Ci siamo quasi. Si avvicina il rompete le righe e la parola passerà “ufficialmente” al mercato. Quest’anno, prima degli interpreti sul terreno di gioco, quelli in panchina. Ci sarà movimento, soprattutto in cima alla classifica. Ne parla Ciccio Marolda sulle pagine de Il Corriere dello Sport:
Una stranezza rispetto alle ultime stagioni. Stavolta, infatti, delle prime sei del campionato quattro cambieranno certamente allenatore, una (l’Atalanta) ancora non si sa e la sesta, invece, si terrà stretto quello che già ha. La sesta, ovvio, è il Napoli affidato ad Ancelotti per un’esperienza da poco cominciata. Sarà un vantaggio per gli azzurri? Beh, la continuità della panchina ha un suo valore, su questo non v’è dubbio, ma, con tutto il rispetto per i signori allenatori, in campo non ci vanno loro. In campo, salvo casi rari e quasi mai vincenti, la differenza la fanno per l’ottanta per cento e passa i giocatori e solo per il resto la tattica, l’addestramento, l’innovazione quando raramente c’è. Cosicché anche quel leggero vantaggio assicurato della continuità s’annacqua facilmente se tutto il resto non regge alla concorrenza. Riferito al Napoli questo che vuol dire? Vuole dire che, chiusa una stagione con le idee chiare su quanto c’è da fare, ora la parola passa a chi ha la responsabilità delle nuove scelte e a chi deve mettere mano al portafoglio. Questione di mercato, insomma. E’ qui che le distanze tra una squadra e l’altra s’accorciano o s’allungano. Con una differenza non di poco conto, si capisce. E cioè: chi può spendere denari in quantità – un nome a caso: la Juventus – ha da proporre mille tentazioni; chi, invece – un altro nome non a caso: il Napoli -, deve e vuole stare attento ai conti deve essere bravo nelle scelte e tempestivo e pure fortunato. E se occorre anche un poco gufo, sperando in qualche guaio dei competitori. Ma senza esagerare. Poca roba. Quanto basta per non sporcare la propria coscienza di sportivi.
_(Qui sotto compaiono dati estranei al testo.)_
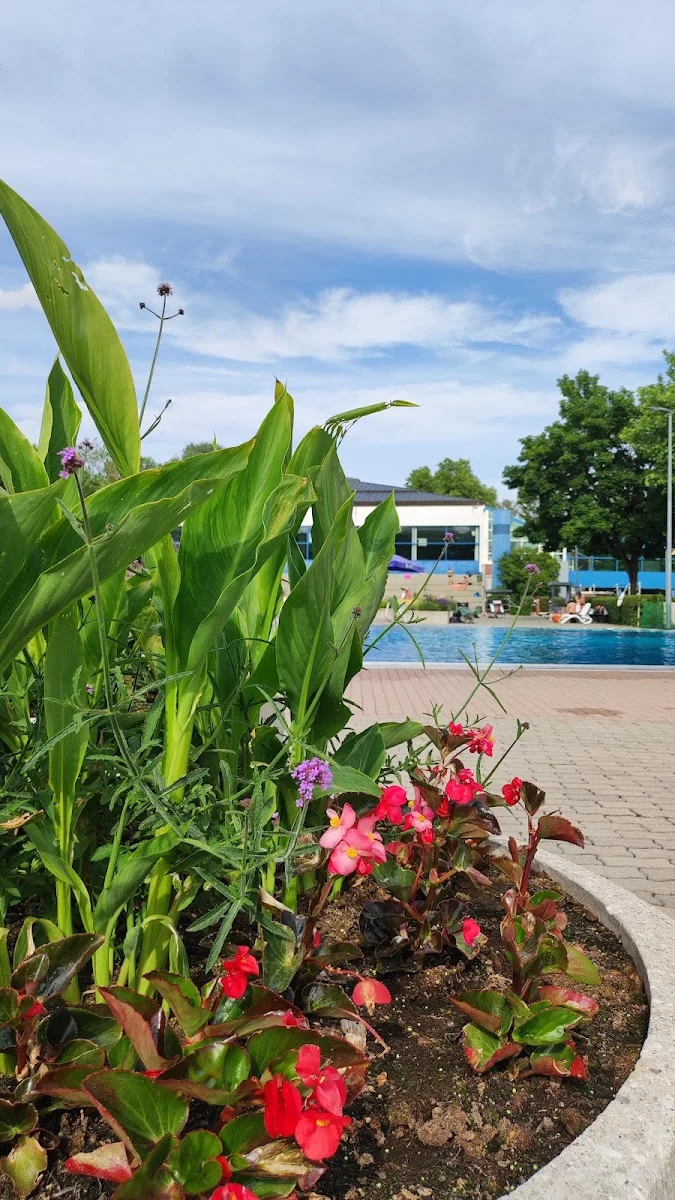Stadtbad Landshut – Besucherfoto von Nikol_Diva in Landshut, Bayern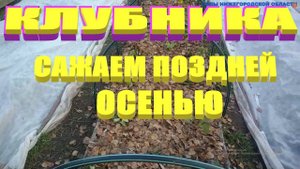 ПОСАДКА КЛУБНИКИ ОСЕНЬЮ.Решил посадить клубнику в открытый грунт и посмотреть как она приживется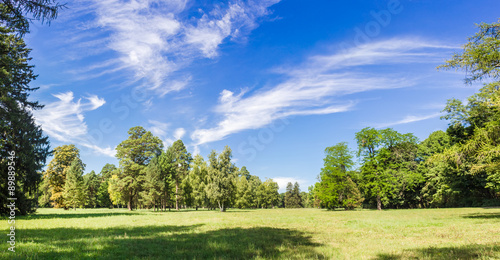 Glade in the park in a summer sunny day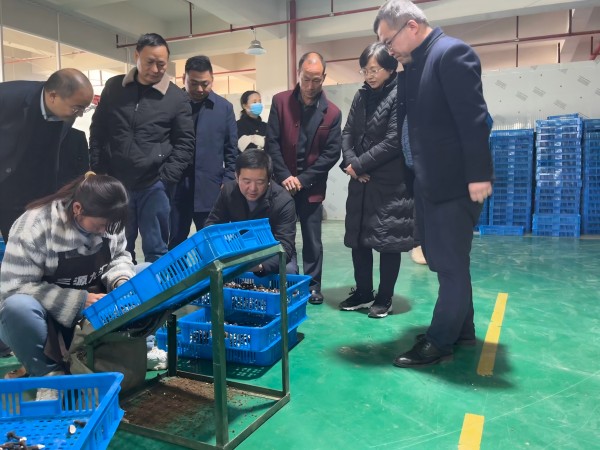 微信图片_20241218124441(1).jpg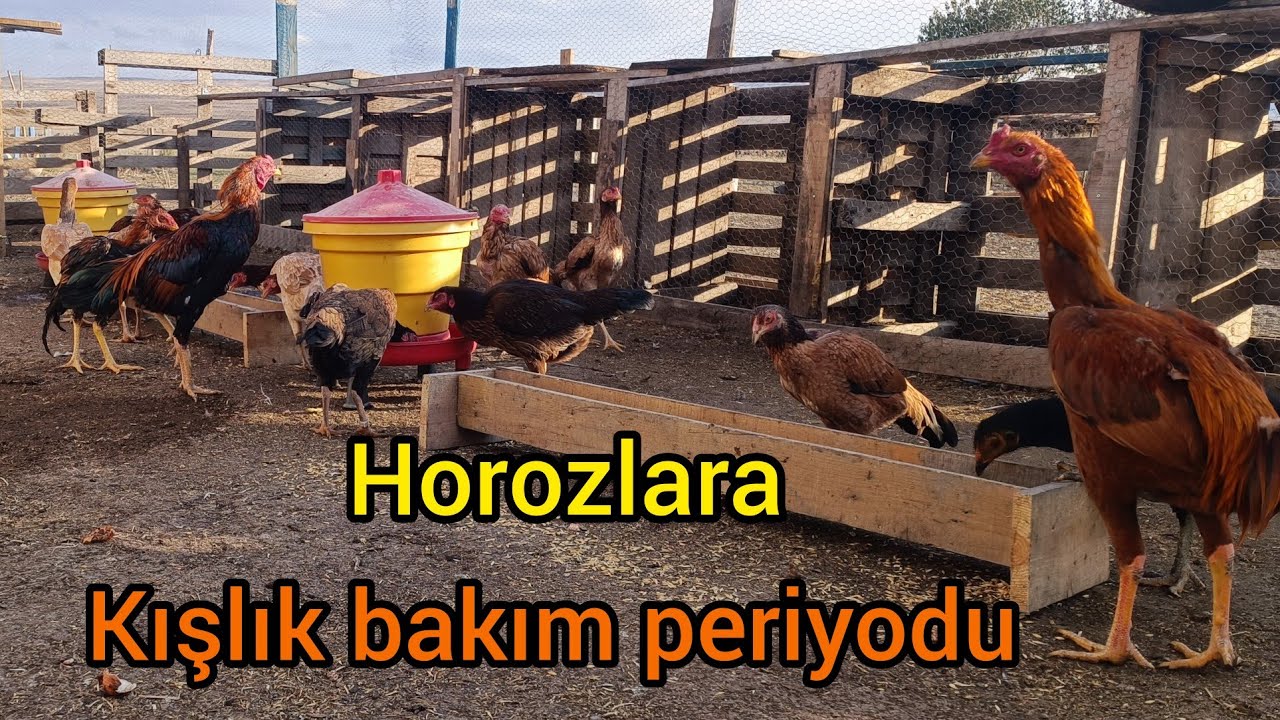 Horozları tavukları satıyormuyum? /Hint horozu kışlık bakım çalışan ve yatan horozlara ne verilmeli?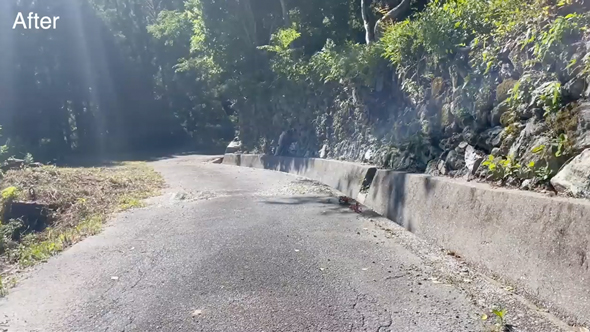 石垣と側溝の清掃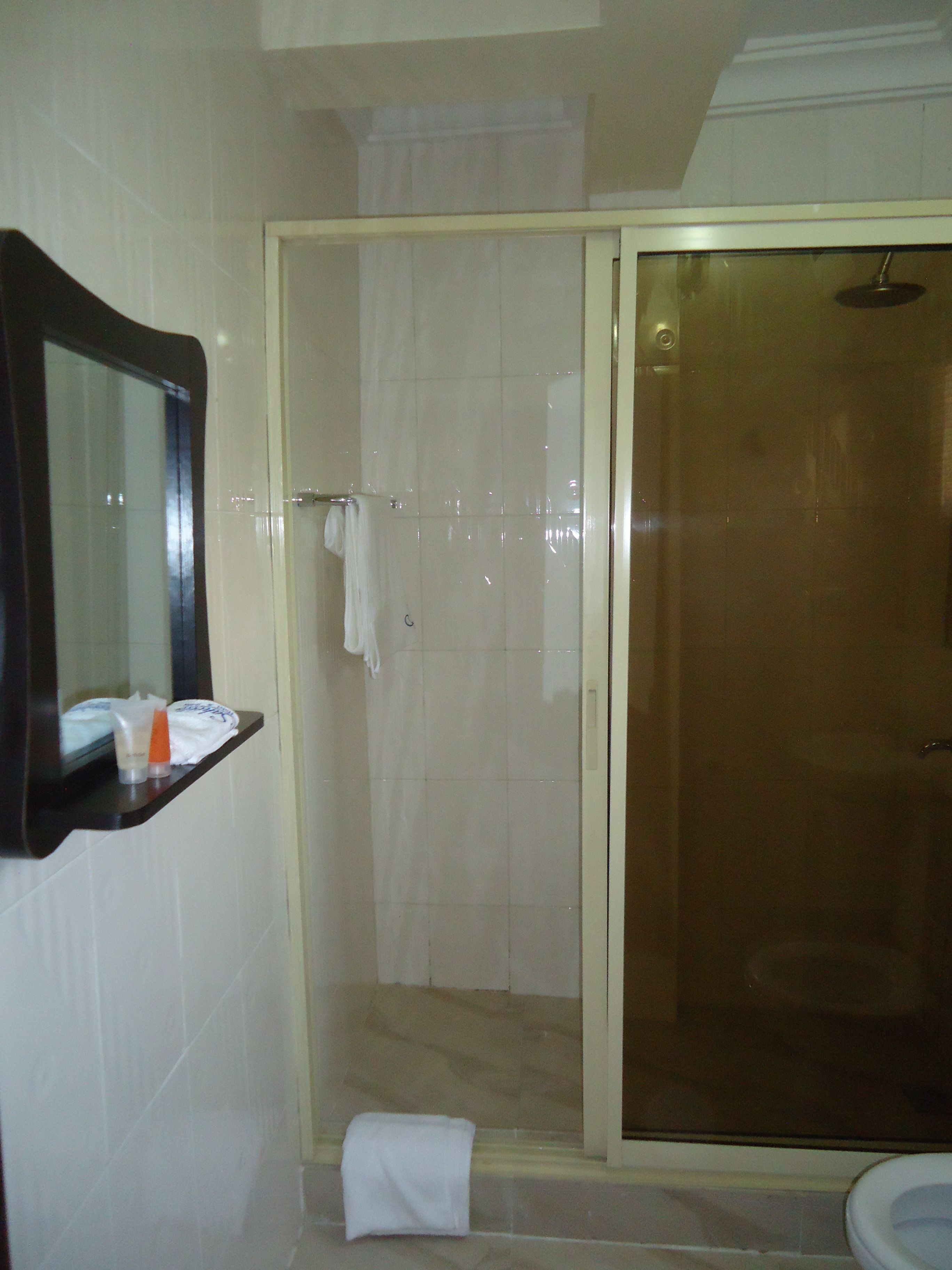 A bathroom with a glass-enclosed shower, a toilet, and a mirror on the wall.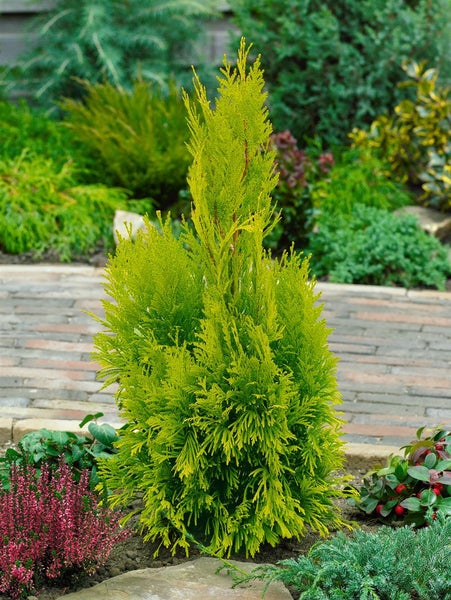 Goldene Zypresse als Gartenpflanze
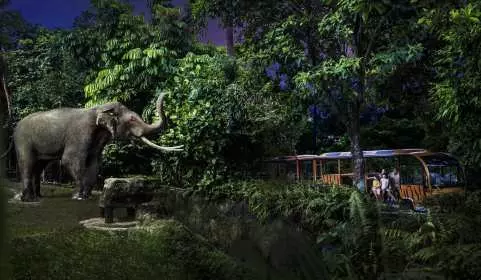 Night Safari Ticket with Tram Ride at Mandai Wildlife Reserve | Singapore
Mercato, allora. E’ qui che “si parrà la nobilitate” di don Carlo e non solo quella sua. No, non nel senso che dovrà chiedere e ottenere chissà quali costosissimi fenomeni che il Napoli non può permettersi e si sa, ma che almeno pretenda un Napoli migliore, più forte di quello visto nella stagione che si chiude, questo sì! Magari spiegandolo alla gente in un percorso di chiarezza non comune al calcio, ma che il Napoli sembra aver inaugurato. Buon segno. Magari anche un primo passo sulla via di una riconciliazione popolare oggi lontana, parecchio complicata eppure necessaria al di là delle ruvide epperò condivisibili parole di De Laurentiis e della insufficiente e quasi imbarazzata replica messa per iscritto dai gruppi organizzati delle curve.